- **Task**: Your output should be the line with "1879567046100146" and all following lines of the data below, through the end, repeated exactly.

- **Data to use**:
================

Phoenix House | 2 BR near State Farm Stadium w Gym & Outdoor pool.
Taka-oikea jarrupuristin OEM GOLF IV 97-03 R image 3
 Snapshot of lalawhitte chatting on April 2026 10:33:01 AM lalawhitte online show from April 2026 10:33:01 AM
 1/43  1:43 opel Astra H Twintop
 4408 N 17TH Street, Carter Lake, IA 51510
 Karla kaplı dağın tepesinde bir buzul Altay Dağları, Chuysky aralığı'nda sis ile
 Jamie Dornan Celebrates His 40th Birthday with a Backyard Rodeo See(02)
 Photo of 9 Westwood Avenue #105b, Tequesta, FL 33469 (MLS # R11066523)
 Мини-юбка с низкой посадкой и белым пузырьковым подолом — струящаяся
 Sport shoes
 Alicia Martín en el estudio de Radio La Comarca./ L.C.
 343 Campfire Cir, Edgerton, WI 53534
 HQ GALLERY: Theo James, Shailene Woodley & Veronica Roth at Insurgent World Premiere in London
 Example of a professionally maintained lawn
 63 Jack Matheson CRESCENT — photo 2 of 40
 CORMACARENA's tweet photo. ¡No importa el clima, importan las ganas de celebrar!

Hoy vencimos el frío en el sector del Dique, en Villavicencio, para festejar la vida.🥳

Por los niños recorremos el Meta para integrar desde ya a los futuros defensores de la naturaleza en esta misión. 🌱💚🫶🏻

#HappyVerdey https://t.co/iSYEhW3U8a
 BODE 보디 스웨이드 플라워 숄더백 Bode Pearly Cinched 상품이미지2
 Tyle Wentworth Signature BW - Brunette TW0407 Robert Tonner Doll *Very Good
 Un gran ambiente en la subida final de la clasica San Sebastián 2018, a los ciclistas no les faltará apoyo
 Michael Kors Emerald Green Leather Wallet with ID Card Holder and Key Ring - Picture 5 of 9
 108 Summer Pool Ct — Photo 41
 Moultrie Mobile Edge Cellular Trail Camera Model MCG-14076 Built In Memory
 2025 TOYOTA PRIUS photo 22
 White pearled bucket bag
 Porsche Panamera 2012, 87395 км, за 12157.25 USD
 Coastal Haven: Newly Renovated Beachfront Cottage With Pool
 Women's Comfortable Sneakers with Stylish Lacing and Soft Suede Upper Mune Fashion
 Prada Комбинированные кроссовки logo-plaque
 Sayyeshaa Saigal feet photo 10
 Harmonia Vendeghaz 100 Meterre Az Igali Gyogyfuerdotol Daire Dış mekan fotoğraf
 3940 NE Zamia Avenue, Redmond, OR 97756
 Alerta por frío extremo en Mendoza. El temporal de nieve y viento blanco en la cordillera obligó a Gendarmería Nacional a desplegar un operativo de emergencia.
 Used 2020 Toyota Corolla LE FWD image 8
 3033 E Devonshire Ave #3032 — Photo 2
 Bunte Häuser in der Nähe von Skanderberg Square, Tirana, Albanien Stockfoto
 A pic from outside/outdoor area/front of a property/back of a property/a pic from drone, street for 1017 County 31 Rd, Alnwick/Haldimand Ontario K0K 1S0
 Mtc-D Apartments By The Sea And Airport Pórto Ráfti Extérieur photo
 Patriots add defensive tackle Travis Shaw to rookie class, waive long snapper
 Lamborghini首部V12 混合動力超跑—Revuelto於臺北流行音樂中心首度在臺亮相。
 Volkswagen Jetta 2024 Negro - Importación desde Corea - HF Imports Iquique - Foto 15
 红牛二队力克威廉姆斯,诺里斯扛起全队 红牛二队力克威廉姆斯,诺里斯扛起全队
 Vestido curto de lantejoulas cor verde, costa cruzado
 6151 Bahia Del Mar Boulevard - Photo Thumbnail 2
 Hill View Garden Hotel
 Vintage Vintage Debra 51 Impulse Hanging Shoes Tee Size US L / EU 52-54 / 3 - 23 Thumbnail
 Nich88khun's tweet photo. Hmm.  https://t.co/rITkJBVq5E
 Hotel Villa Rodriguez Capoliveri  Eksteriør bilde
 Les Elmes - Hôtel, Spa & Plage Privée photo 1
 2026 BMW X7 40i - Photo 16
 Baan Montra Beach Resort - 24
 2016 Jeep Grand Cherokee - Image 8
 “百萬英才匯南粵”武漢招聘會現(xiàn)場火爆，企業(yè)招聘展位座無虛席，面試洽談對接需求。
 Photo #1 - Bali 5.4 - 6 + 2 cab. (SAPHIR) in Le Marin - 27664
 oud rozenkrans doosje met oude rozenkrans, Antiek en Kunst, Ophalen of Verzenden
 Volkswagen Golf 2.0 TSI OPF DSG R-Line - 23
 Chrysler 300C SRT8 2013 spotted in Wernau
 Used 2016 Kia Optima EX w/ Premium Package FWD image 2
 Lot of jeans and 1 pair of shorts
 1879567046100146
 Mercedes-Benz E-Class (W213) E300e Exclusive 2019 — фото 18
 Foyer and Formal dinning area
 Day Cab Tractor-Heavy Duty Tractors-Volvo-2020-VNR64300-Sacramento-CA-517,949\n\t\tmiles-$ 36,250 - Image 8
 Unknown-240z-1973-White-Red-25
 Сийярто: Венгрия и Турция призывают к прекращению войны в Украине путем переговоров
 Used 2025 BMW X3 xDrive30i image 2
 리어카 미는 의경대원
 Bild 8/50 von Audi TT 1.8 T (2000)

================

- **Solution below**:
 1879567046100146
 Mercedes-Benz E-Class (W213) E300e Exclusive 2019 — фото 18
 Foyer and Formal dinning area
 Day Cab Tractor-Heavy Duty Tractors-Volvo-2020-VNR64300-Sacramento-CA-517,949\n\t\tmiles-$ 36,250 - Image 8
 Unknown-240z-1973-White-Red-25
 Сийярто: Венгрия и Турция призывают к прекращению войны в Украине путем переговоров
 Used 2025 BMW X3 xDrive30i image 2
 리어카 미는 의경대원
 Bild 8/50 von Audi TT 1.8 T (2000)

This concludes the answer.